Records from a dataset:

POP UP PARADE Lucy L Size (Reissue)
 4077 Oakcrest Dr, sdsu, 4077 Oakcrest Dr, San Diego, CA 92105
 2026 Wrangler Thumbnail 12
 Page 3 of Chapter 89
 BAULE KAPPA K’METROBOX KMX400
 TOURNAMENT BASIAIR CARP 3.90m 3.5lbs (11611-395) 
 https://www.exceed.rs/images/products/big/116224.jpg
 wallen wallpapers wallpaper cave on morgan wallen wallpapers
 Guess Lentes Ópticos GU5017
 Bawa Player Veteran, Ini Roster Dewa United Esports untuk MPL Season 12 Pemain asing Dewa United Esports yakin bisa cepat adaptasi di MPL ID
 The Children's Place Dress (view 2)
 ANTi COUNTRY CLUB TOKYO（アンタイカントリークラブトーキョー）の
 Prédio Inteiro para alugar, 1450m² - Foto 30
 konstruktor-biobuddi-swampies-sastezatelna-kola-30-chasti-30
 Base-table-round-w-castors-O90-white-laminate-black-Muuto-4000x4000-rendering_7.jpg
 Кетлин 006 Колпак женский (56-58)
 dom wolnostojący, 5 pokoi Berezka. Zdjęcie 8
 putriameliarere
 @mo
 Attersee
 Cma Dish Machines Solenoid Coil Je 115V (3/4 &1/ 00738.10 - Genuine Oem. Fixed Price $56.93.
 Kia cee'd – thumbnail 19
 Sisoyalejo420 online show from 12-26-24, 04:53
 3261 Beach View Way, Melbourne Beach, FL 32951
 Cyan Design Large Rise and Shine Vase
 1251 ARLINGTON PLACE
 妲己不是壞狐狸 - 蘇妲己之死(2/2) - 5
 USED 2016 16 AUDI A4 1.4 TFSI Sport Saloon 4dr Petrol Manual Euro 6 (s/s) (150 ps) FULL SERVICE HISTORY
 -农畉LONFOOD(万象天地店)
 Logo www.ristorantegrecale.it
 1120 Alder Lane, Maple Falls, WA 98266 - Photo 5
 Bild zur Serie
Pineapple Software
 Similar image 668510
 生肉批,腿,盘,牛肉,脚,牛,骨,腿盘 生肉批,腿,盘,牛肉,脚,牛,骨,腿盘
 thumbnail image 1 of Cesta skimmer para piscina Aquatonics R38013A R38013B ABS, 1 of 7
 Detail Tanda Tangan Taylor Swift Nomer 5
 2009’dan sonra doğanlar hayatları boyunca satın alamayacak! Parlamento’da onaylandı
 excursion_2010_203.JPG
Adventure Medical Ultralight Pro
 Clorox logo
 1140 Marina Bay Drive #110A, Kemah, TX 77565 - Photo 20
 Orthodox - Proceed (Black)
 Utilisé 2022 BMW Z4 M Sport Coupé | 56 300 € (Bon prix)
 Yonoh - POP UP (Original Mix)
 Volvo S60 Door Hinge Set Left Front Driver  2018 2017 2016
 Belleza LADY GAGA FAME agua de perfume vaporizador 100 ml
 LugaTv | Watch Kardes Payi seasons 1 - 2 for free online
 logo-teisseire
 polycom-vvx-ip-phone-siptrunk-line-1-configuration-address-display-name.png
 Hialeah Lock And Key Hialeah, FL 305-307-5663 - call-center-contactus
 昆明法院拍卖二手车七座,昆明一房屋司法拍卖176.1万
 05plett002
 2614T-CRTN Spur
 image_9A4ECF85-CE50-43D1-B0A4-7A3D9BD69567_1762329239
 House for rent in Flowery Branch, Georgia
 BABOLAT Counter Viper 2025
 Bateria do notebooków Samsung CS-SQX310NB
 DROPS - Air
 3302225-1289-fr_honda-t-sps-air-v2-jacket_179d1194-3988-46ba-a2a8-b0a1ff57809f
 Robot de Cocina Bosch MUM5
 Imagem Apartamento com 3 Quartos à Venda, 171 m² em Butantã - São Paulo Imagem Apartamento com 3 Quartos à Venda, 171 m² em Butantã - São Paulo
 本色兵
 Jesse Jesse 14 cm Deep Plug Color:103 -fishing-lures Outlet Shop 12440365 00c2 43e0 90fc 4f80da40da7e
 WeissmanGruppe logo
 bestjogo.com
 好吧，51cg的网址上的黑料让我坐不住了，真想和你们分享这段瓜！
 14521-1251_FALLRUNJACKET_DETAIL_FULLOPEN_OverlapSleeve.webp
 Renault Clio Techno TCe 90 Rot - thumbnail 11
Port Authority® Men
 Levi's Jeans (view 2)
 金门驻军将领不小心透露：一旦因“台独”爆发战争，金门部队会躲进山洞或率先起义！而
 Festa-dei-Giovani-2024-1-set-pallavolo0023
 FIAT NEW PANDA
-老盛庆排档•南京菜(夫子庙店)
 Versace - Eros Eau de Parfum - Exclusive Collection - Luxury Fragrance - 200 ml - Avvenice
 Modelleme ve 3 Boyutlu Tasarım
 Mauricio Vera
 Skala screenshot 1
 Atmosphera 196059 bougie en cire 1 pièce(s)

=== Action item ===
If the word "Photo" is on a line above, return that line.

=== Your solution ===
 1120 Alder Lane, Maple Falls, WA 98266 - Photo 5
 1140 Marina Bay Drive #110A, Kemah, TX 77565 - Photo 20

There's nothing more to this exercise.